So I’ll stand and fight
"Ich stelle mir vor, dass wir transparent werden."
Drinnen wärmt sich eine Gruppe von jungen Menschen auf, sie scheinen sich gut zu kennen. Das merken wir sofort, aber vor allem auch in den nächsten eineinhalb Stunden, die wir sie begleiten, mit offenen Ohren und eingeschaltetem Aufnahmegerät. Wir befinden uns im Projekt „So I’ll stand and fight“, in einem Projekt, in dem es um vieles geht, dass wir es so schnell gar nicht greifen können, denn was behandelt wird und was nicht, in welcher Form auch immer, ist umfassend. Heute soll es darum gehen, in einer Improvisation den Gedanken freien Lauf zu lassen. Vorstellungen, Ideen und Wünsche für die abschließende Performance zum Semesterende sollen gesammelt, laut ausgesprochen, weitergedacht werden. Derzeitiges Ziel: nicht entscheiden zu müssen, was realistisch ist und was nicht – sondern das zu denken, was in den Sinn kommt.
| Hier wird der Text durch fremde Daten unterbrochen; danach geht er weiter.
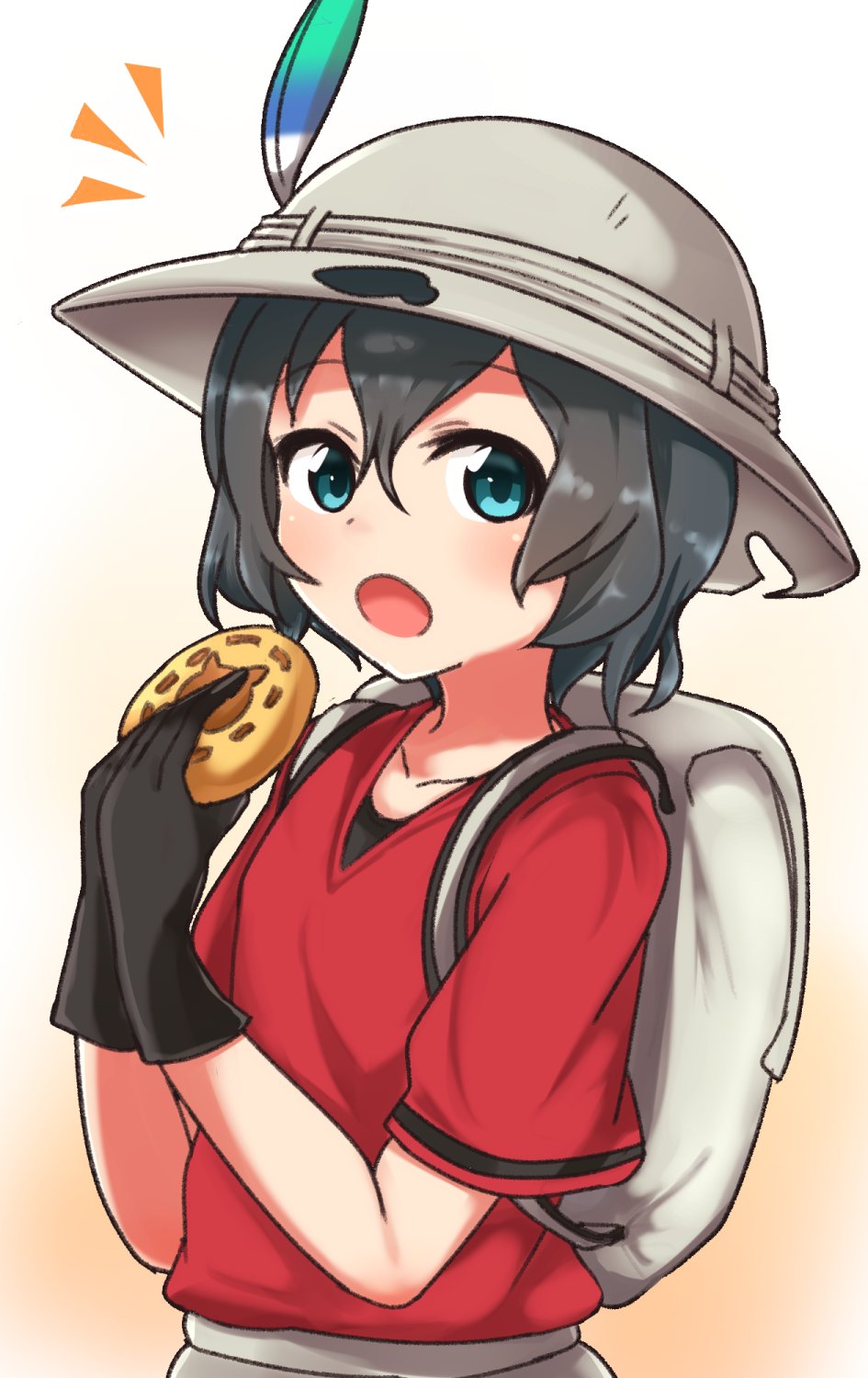 1girl alternate_eye_color backpack bag black_gloves black_hair blue_eyes chawan_(yultutari) commentary cookie eyebrows_visible_through_hair food gloves hair_between_eyes hat_feather helmet highres holding holding_food kaban_(kemono_friends) kemono_friends looking_at_viewer notice_lines open_mouth pith_helmet red_shirt shirt short_hair short_sleeves solo standing upper_body wavy_hair white_background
Die Atmosphäre: vertraut, wohlwollend, offen, energetisch.
Dann: Stille. Eine schöne Stille.
Die Stimmen hallen nach. Von draußen von der großen Straße dröhnt Autolärm, ein gedämpftes Hupen in der Ferne, etwas abgepolstert wie durch Wattewolken durch die Fenster.
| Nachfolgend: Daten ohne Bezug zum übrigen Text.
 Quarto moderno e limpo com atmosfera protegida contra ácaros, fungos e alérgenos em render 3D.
Draußen, da ist die Realität. Drinnen, da sind wir.
Die Gedanken erzählen Geschichten.
Von Schwarzlicht,
Tomatenwürfen auf sexistische Plakate,
Bloody Mary,
Inline-Skates und Fantasie-Namen,
Schulhöfen,
Getränkegutscheinen,
queeren Partybands, Awareness-Teams, Genderperformance.
wild gestikulierende Hände in der Luft über dem Körper schwebend,
und ruhige Hände auf dem Bauch, und immer wieder Stille zum Gedankensortieren und -weiterspinnen. Es sind viele Vorstellungen, die unsere Ohren erreichen, viele Ideen, was alles möglich ist, mal real, mal fiktiv, mal abstrus, mal verstörend, mal schmunzelnd, aber vor allem ist da immer wieder diese Grenzenlosigkeit, die uns in den Bann zieht, die uns die Ohren spitzen lässt.
Wir wagen
kaum uns zu bewegen, sondern sitzen irgendwann nur still daneben und lauschen dieser Gedanken- und Ideenfabrik. Ein Topf an Wünschen und Anregungen, die in nächster Zeit ausgewertet werden sollen, um konkretere Konzepte entwickeln zu können, den ganzen Gedankenspielen eine Form geben können, eine Form für eine Performance.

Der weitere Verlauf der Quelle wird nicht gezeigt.